Feature-request: Allow two new optional arguments in SSHCluster() command:
spec_file parameter
- corresponding
.yml file for spec_file
to allow creation of a large # of workers
Furthermore, use of spec for Scheduler, and spec_file option for Worker class should also be allowed.
Presently, 2022.2.x version of dask & distributed uses scheduler_options and worker_options input arguments as dictionaries for constructing shell commands passed as arguments to dask_spec.py for creating respective Scheduler and Worker class instances. I'm not sure about the character limits for UNIX, but in trying it for Windows-based environment, with just 4 worker options parameters in the dictionary, and n_workers set to 20, command gave out the error too many characters in command line or something to that effect. Unfortunately, I did not get a chance to capture it but it should be easily reproducible. In looking through ssh.py I found the two .join commands used prior to .create_process(), for Scheduler & Worker respectively, using the option --spec as input to dask_spec.py. dask_spec.py inturn also allows another argument --spec_file. This argument seems to do a yaml safe_load to open the file, create python dictionary objects and instantiate respective classes. I tested it and found it working for windows 2019 server environment at least.
import os
spec_path=os.path.join("C:" + os.sep, "Users", "maulik","code","config","SSHWorker.yml")
cmd = " ".join(
[
map_T_drive_cmd, " && ",
set_env,
self.remote_python,
"-m",
"distributed.cli.dask_spec",
self.scheduler,
"--spec-file",
spec_path
]
)
where SSHWorker.yml looks like so:
0:
cls: distributed.Nanny
opts:
dashboard: true
local_directory: dask_logs
memory_limit: 2GB
nthreads: 1
port: 13000:13999
worker_port: 12000:12999
1:
cls: distributed.Nanny
opts:
dashboard: true
local_directory: dask_logs
memory_limit: 2GB
nthreads: 1
port: 13000:13999
worker_port: 12000:12999
2:
cls: distributed.Nanny
opts:
dashboard: true
local_directory: dask_logs
memory_limit: 2GB
nthreads: 1
port: 13000:13999
worker_port: 12000:12999
to avoid manual creation of these entries, I wrote a small function like so:
"""
Maulik 03/03/22
In this release of DASK (2022.2.0), ssh.py generates configuration command per worker. It then passes these
command strings via CLI to another process (dask_spec.py). In Windows (and also in UNIX), there is a finite limit
to the number of characters which can be read in via STDIN. Therefore, I have found an alternative to load the
worker configuration using .yml. But to do so, the configuration must be dynamically generated
"""
ymlOptionsWorker = {
i: {
"cls": "distributed.Nanny",
"opts": {
"dashboard": True,
"nthreads": Dask_Worker_Threads,
"memory_limit": Dask_Worker_Memory_Limit,
"worker_port": Dask_Worker_Port,
"port": Dask_Worker_Nanny_Port,
"local_directory": Dask_Worker_Local_Directory
},
}
for i in range(Dask_Worker_Procs)
}
SSHWORKER_BASE_DIR = os.path.abspath(os.path.join(os.path.dirname(os.path.abspath(__file__)), '..', 'config'))

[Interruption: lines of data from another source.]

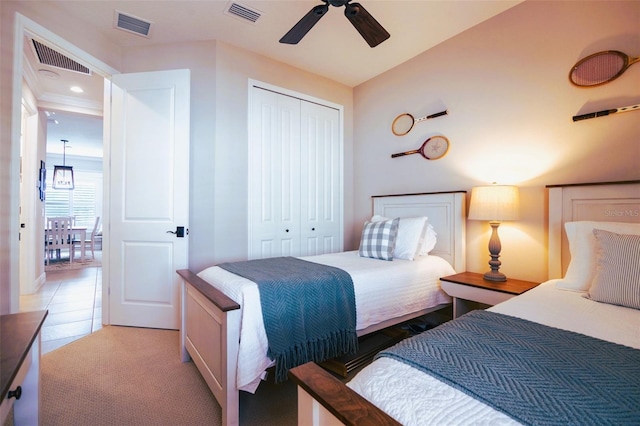 tiled bedroom featuring ceiling fan and a closet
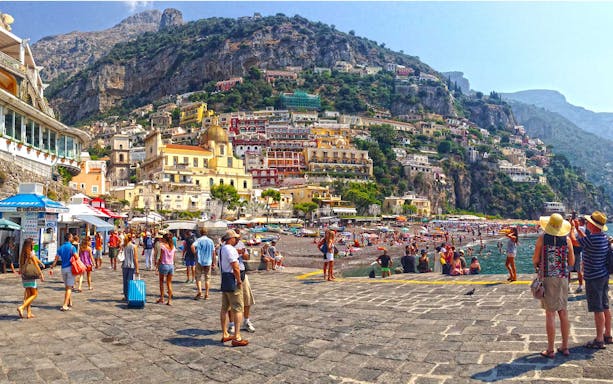Tourists exploring Positano beach with colorful hillside buildings on Amalfi Coast.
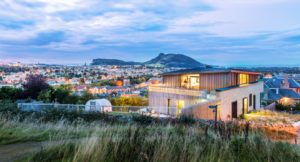 illuminated timber building with a vew to Arthurs Seat in Edinburgh, the city of illuminated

SSHWORKER_FILE_NAME = os.path.join(SSHWORKER_BASE_DIR, Dask_Worker_Config_File_Name)
if (os.path.exists(SSHWORKER_FILE_NAME)):
with open(SSHWORKER_FILE_NAME, 'w') as file:
yaml.dump(ymlOptionsWorker, file)
Something similar for Scheduler. ssh.py entry:
import os
py_path=os.path.join("C:" + os.sep, "Users", "maulik","code","config","SSHScheduler.yml")
cmd = " ".join(
[
# map_S_drive_cmd, " && ",
set_env,
self.remote_python,
"-m",
"distributed.cli.dask_spec",
"--spec-file",
py_path,
]
)
self.proc = await self.connection.create_process(cmd)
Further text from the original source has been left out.